Task statement
Retype nothing but the lines from the start of the material up to and including the line with "Align the replacement". Pictures don't belong in the copy.

Source information
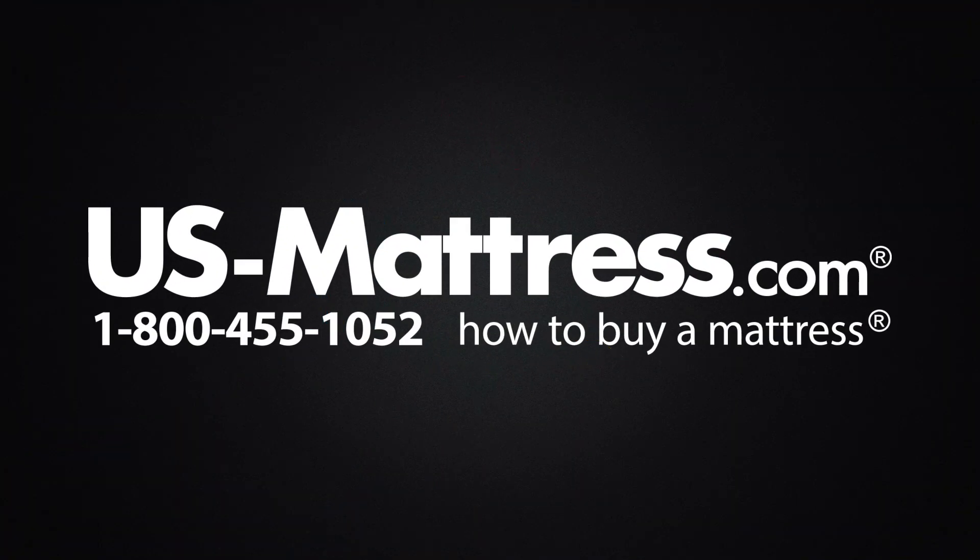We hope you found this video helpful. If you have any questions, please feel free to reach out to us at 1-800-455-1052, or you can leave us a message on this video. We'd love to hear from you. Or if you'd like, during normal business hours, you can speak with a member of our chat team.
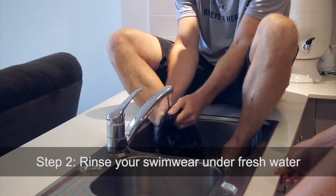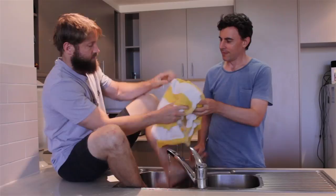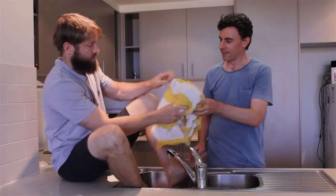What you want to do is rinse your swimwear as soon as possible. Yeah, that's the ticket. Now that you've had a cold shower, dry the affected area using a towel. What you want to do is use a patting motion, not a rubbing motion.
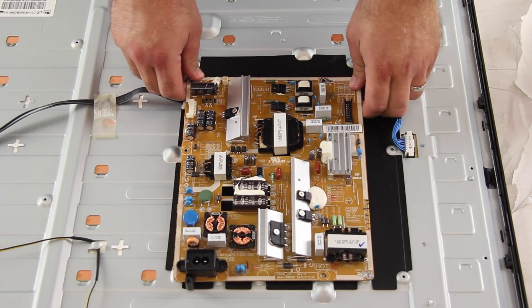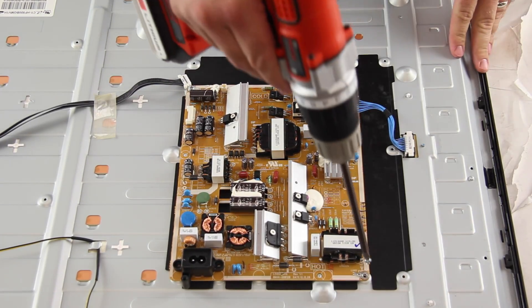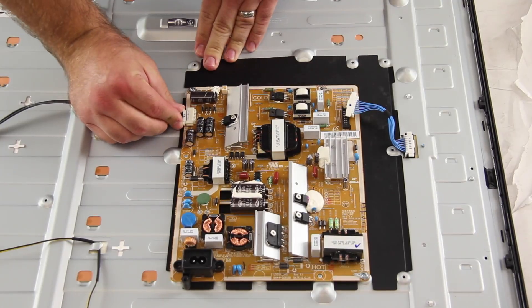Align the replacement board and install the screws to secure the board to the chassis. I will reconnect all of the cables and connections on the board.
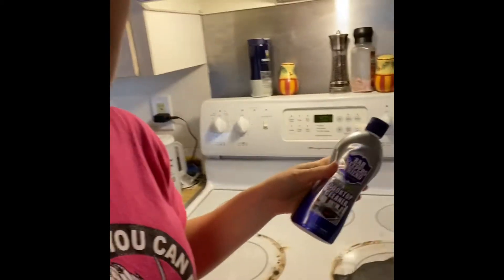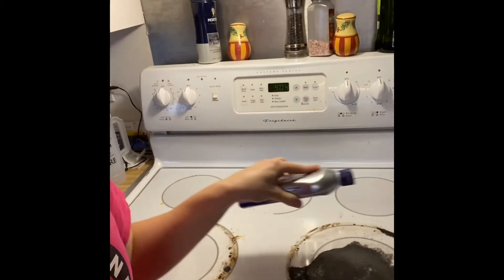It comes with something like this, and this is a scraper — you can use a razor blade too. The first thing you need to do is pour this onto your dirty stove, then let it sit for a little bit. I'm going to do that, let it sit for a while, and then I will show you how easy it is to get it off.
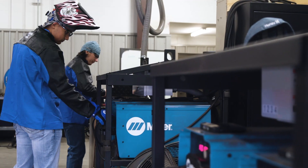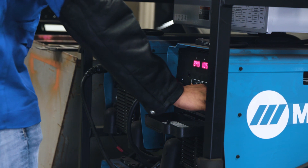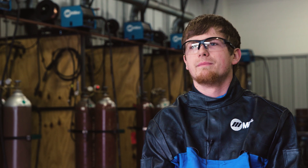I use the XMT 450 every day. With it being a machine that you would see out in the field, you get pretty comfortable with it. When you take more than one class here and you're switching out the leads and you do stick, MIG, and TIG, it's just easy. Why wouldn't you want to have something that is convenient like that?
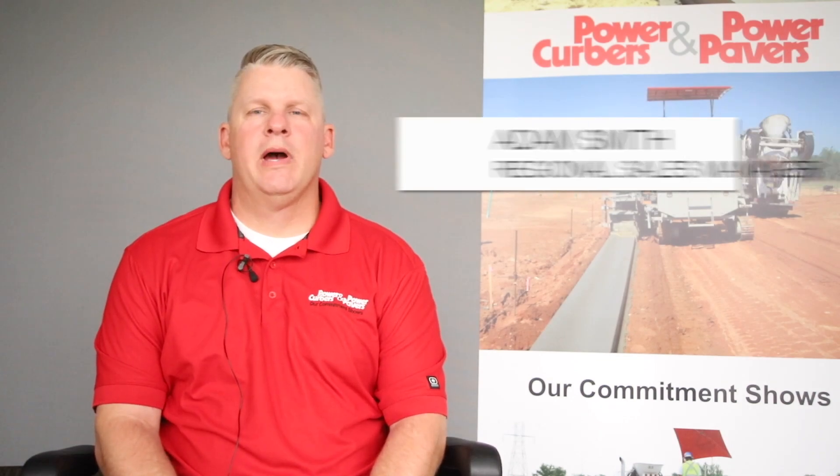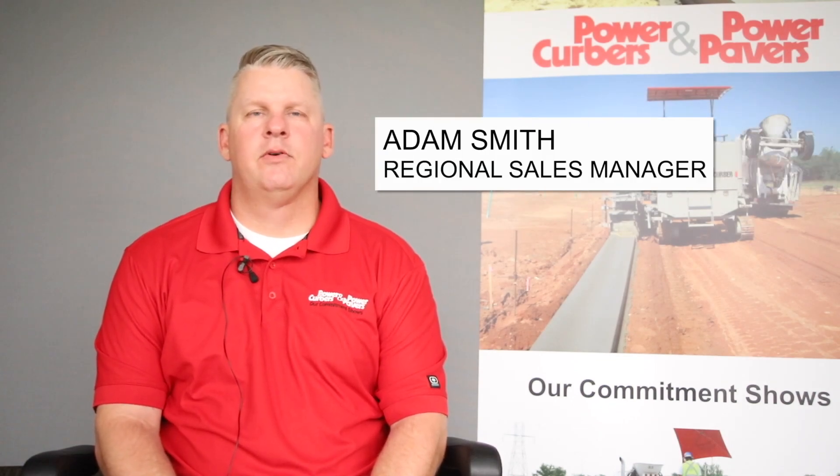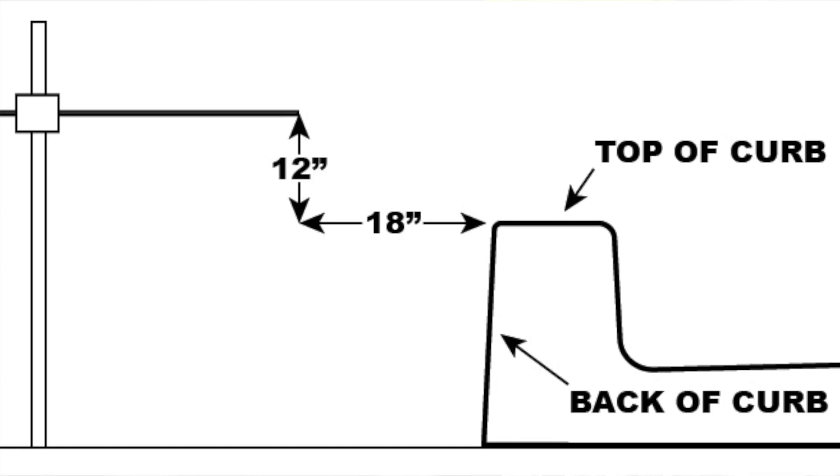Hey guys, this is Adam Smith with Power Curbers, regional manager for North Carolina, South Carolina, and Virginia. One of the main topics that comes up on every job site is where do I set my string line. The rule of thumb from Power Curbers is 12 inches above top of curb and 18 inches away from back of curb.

Reply to the exercise
We hope you found this video helpful. If you have any questions, please feel free to reach out to us at 1-800-455-1052, or you can leave us a message on this video. We'd love to hear from you. Or if you'd like, during normal business hours, you can speak with a member of our chat team.
What you want to do is rinse your swimwear as soon as possible. Yeah, that's the ticket. Now that you've had a cold shower, dry the affected area using a towel. What you want to do is use a patting motion, not a rubbing motion.
Align the replacement board and install the screws to secure the board to the chassis. I will reconnect all of the cables and connections on the board.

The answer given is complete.